Sembra la trama di una fiction talmente surreale da non sembrare quasi plausibile, ma in realtà sono le lunghissime ed infinite pagine dell’inchiesta sulla Curva Nord dell’Inter rese possibili soprattutto dalla testimonianza resa agli inquirenti dal pentito dall’ex leader degli ultras nerazzurri Andrea Beretta, finito in carcere dopo l’omicidio dell’ex fidato braccio destro – e rampollo ‘ndranghetista – Antonio Bellocco: un gesto apparentemente immotivato, ma che trova una chiara spiegazione proprio nelle pagine della lunga inchiesta sulle infiltrazioni mafiose nella Curva Nord e nella figura di Daniel D’Alessandro recentemente finito in manette mentre di trovata il Bulgaria per l’omicidio di Vittorio Boiocchi del quale è ritenuto il sicario.
Una storia – appunto – complessa e che trova le sue origini nei giochi di potere per la guida della Curva Nord tra i quali dobbiamo immergerci per capire un altro (certamente non l’ultimo) tassello di questo intricato puzzle: tutto parte proprio da D’Alessandro che venne coinvolto da Antonio Bellocco e Marco Ferdico nel piano per uccidere Beretta – e ovviamente porre fine alla sua leadership tra gli ultras – e decise di tradirli.

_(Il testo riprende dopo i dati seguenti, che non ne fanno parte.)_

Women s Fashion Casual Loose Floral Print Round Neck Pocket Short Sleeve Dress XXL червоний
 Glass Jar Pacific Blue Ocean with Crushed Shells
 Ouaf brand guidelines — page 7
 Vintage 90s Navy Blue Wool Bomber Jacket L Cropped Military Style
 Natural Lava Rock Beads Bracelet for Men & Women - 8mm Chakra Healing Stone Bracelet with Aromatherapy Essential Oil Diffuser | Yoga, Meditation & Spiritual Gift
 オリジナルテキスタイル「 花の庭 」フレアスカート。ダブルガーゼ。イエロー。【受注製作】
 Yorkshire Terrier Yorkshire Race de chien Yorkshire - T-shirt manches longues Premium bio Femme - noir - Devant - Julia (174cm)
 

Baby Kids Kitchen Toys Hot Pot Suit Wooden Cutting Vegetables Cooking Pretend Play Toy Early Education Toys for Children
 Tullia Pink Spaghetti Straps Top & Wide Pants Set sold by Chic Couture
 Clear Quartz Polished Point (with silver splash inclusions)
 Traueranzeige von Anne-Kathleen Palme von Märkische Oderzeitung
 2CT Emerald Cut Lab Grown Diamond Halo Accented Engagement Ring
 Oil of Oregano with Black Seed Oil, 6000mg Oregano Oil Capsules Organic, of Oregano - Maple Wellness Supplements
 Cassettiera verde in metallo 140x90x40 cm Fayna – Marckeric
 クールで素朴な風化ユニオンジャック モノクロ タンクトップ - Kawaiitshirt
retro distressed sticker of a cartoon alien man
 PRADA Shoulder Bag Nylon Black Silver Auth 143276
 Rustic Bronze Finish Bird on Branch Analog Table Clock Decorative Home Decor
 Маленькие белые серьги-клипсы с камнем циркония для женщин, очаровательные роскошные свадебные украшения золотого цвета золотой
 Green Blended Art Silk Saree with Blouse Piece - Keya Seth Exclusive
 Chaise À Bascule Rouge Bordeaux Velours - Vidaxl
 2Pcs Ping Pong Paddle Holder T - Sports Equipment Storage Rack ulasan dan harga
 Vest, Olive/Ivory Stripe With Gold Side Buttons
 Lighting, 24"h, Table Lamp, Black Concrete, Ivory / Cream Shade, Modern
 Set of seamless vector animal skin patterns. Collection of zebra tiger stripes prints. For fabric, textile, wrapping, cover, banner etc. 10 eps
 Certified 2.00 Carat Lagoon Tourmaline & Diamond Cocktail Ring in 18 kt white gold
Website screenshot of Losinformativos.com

Inchiesta nella Curva Nord: il doppio tradimento di D’Alessandro che salvò la vita a Beretta
Secondo quanto racconta oggi il Corriere della Sera – infatti – nei tanti interrogatori resi da Beretta alla base dell’indagine sulla Curva Nord rivelò già da subito che dietro all’omicidio di Bellocco ci fu una soffiata da parte di un anonimo amico (poi identificato, appunto, come D’Alessandro) sul tradimento da parte dei due fidati secondi in comando: l’amico gli disse che il piano era già pronto, che l’avrebbero “convocato alla cascina” dove gli sarebbe stato offerto “un caffè avvelenato con le benzodiazepine” dopo il quale sarebbe stato freddato e sepolto in una buca “già scavata” per la quale lui stesso recuperò “la calce viva” per far sparire il cadavere.
Una soffiata alla quale l’allora leader della Curva Nord non credette fino in fondo, almeno non prima di essere convocato veramente alla cascina e di ricevere l’offerta per il caffè: intuendo l’inganno Beretta rifiutò e la notte stessa ricevette una seconda visita da parte di D’Alessandro che confermò una seconda volta che seppur il piano originale fosse saltato, sarebbe stato comunque ucciso e da quel momento passarono tre giorni e tre notti nelle quali l’ex leader ultras non chiuse occhio, girando (quelle poche volte che uscì di casa) sempre armato.
Tutto fino al 4 settembre quando Beretta venne nuovamente convocato da Bellocco fuori dalla palestra frequentata dalla Curva Nord: lì capì che stava per giungere la sua ora e riuscì a reagire quando il secondo in comando gli puntò contro una pistola, afferrandola ed utilizzandola a sua volta (assieme ad un coltello) per uccidere l’aguzzino; e mentre a D’Alessandro venne offerta dagli inquirenti protezione nel caso in cui avesse deciso di parlare, rifiutò dopo un incontro intercettato con Ferdico in seguito al quale rimase completamente isolato dai suoi ex compari e da qui la decisione di scappare – non agli inquirenti, ma alla stessa Curva Nord – in Bulgaria.